RVC Model Cloud Training

Prologue: Creating Your Exclusive AI Voice

This guide will show you how to use Google Colab's free computing power to train high-quality RVC voice conversion models. For the best results, we standardize the process into three stages:

  1. Data Preparation: Use this application and UVR5 to create pure clean vocals.
  2. Cloud Training: Use Google Colab's powerful GPUs for training.
  3. Model Import: Place the trained model into this application for use.

Stage 1: Data Preparation (The Most Important Step)

The quality of a model is 90% dependent on the quality of the dataset. Please ensure your training audio is an absolutely clean voice with no background music (BGM) and no reverberation (Reverb/Echo).
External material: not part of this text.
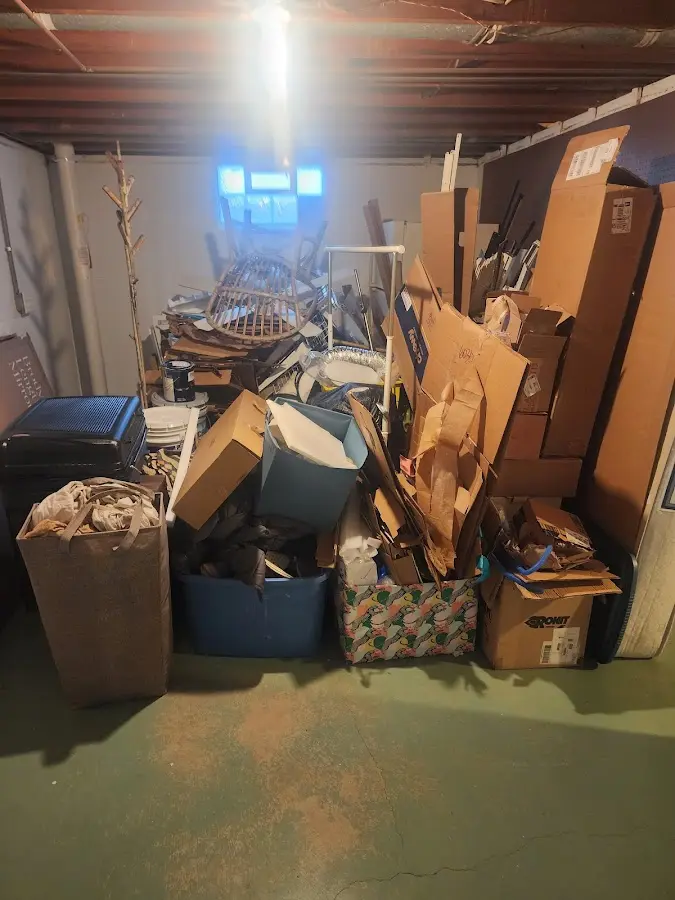 Roll-off dumpster container at job site for 2 Yard Dumpster Rental in Jordan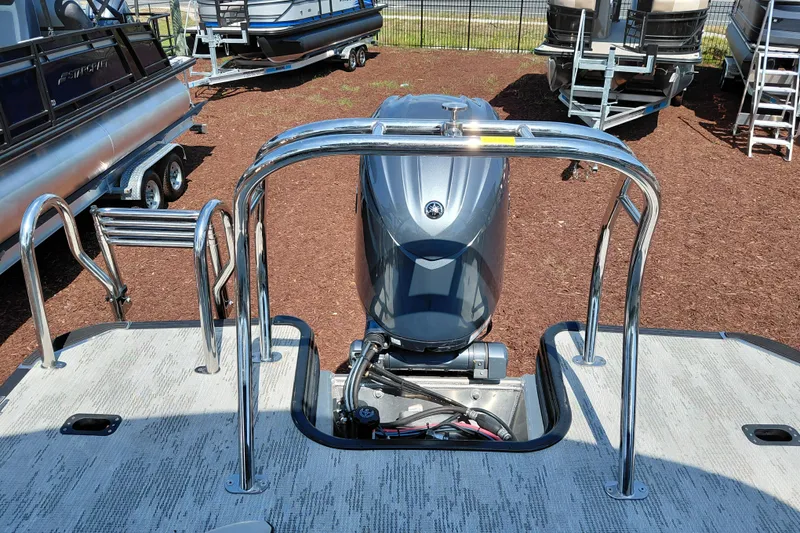 Slide: The Image of 2026 Starcraft VX 24 Q DH boat with outboard motor, displayed outdoors. - 29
1. Initial Separation (Using this application)

Use this software's "Vocal Separation" feature:
  1. Input your audio/video source.
  2. Check Save Clean Vocals As (WAV).
  3. Execute and retrieve vocals.wav.

2. Removing Reverb and Noise (Using UVR5) Crucial

Vocals separated by this application usually still have spatial reverberation, which will cause the model training to fail (the voice sounds muddy). Please make sure to use UVR5 (Ultimate Vocal Remover) for secondary processing.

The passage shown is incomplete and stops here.